There are multiple healthcare facilities in Marion, including:
Ambulatory Surgery Clinic
Speech, Physical and/or Occupational Therapists
Multiple healthcare facilities are also available 15 minutes away in Memphis, TN. For more information, visit The Greater Memphis Chamber website.
Recreation and Things to Do
- Park facilities:
Marion Recreational Complex – 3820 Complex Road
John Robbins Baseball Field – 4 Patriot Drive
Marion Skate Park – corner of Rica Road and L H Polk
Colonial Park – 395 Colonial Drive
Brunetti Park – 200 S. Currie
K & R Park – 1 K&R Drive
Rivertrace Park – East Lake Drive
Plan a visit to one Arkansas’ state parks
- Organized sports: In addition to school athletic programs, Marion has youth sports leagues that provide basketball, football, baseball and softball to about 2,000 youngsters each year.
- Golf course: The Marion Golf and Athletic Club, which is open by membership, also offers tennis, swimming and a fitness center.
- Hunting, fishing: Marion is within an hour’s drive of numerous public hunting and fishing areas, including Wapanocca National Wildlife Refuge (10 miles north), Horseshoe Lake (25 miles south) and numerous Mississippi River chutes (1 mile east).

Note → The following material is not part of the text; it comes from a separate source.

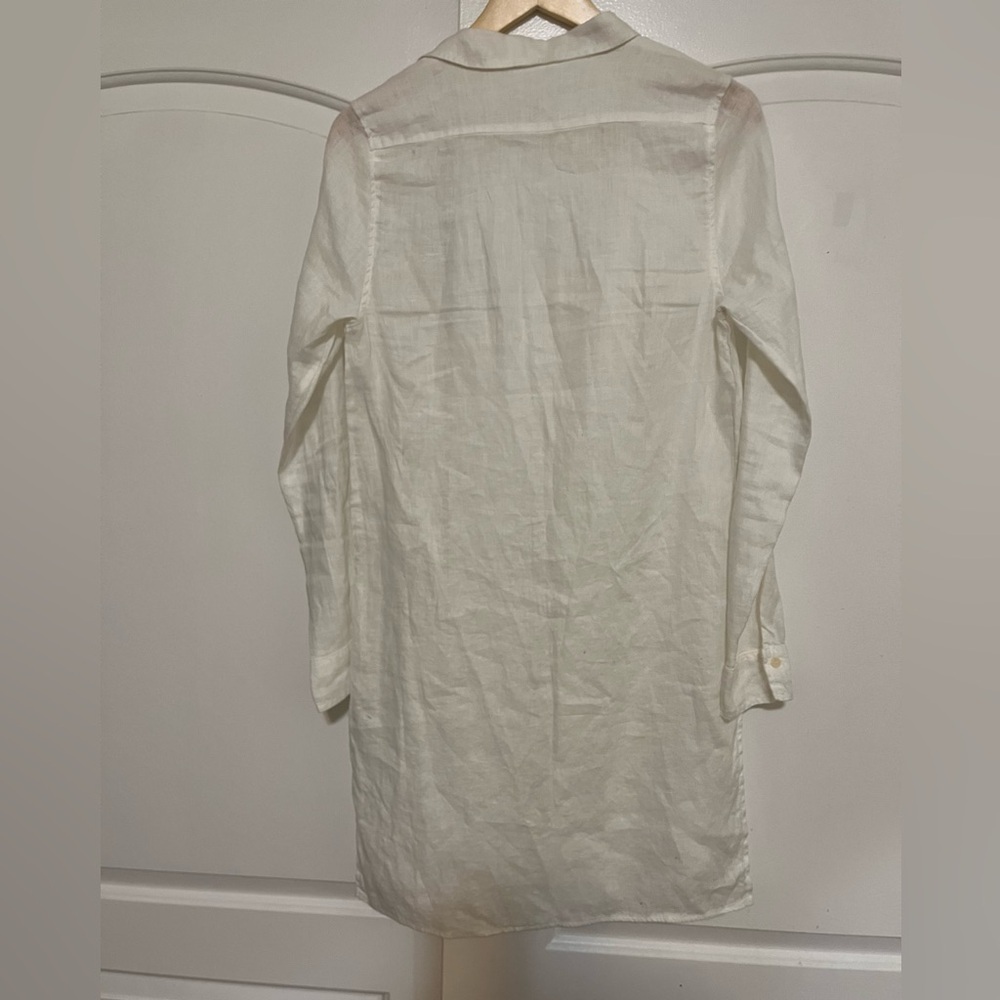CP Shades linen button down tunic dress - Picture 2 of 4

- Tourism : Marion is within an hour’s drive of a dozen Arkansas, Tennessee and Mississippi state parks and recreation areas. Memphis tourist attractions include: Elvis Presley’s Graceland, Beale Street, the Memphis Zoo, the National Civil Rights Museum, and Mud Island. Southland Park Gaming & Racing in West Memphis is the nation’s largest greyhound racing track.
- Arts : Marion is served by DeltaARTS and Little Theatre of Crittenden Co., active community arts organizations that sponsor community theater, concerts and art exhibits. There is an active artists’ society. Symphony, ballet, opera and Broadway touring shows are on stage regularly in Memphis.
- Esperanza Bonanza Festival: Marion’s community festival, founded in 1993, features a barbecue contest, Cajun boiled crawfish, rodeo and live music. Held every year in May, attendance tops 15,000.
- Sultana Disaster Museum: Marion is home to the Sultana Disaster Museum. The museum’s mission is to tell the story of the worst maritime disaster in U.S. history – the explosion and sinking of the Sultana steamboat.
- The Marion Chamber hosts and coordinates multiple events during the year, such as the Sultana Heritage Festival, Small Fry Triathlon, and annual Christmas on the Square and Christmas parade.
- Marion is home to multiple churches, representing a variety of denominations.
- Additional churches of various denominations are located in near-by West Memphis and Memphis.
- Religion-affiliated schools and kindergartens are available in Marion and West Memphis.
Other Public Facilities
Marion is served by The Woolfolk Public Library, which is jointly operated by Crittenden County and the City of Marion. It was named in honor of local historian, author and newspaper editor, the late Margaret Woolfolk.
- Average Daily Temperature 62.4 degrees
- Mean daily maximum temperature 72.5 degrees
- Mean daily minimum temperature 52.2 degrees
- Average Annual Rainfall: 66.06”
- Average Annual Snowfall: 6”
- Relative Humidity: 73%
- % Sunshine Days: 64%
Police and Fire
Marion’s small atmosphere makes it a safe place for families, couples, individuals and retirees. Extremely low crime rates are common in the area. Marion’s outstanding police department includes 23 full time officers and 11 part time officers. The Marion Police Department has trained animal control officers, narcotics enforcement teams and tactical units. Marion’s police chief, Gary Kelley, was named Arkansas’ Chief of the Year in 2011 and continues to serve our city with honor and dedication.
Marion’s volunteer fire department provides services from 3 fire stations and employs 4 full-time firefighters and 31 paid on call members. All firefighters are fully certified through the Arkansas Fire Academy. All emergency medical personnel are certified through the Arkansas Department of Health. We operate a BLS ambulance service with an ambulance at every station. Our department has 16 HAZMAT technicians, 11 HAZMAT operations level, 16 EMT’s and 2 EMT-P’s. Fire Chief Woody Wheeless has been a great asset to our department and to our community.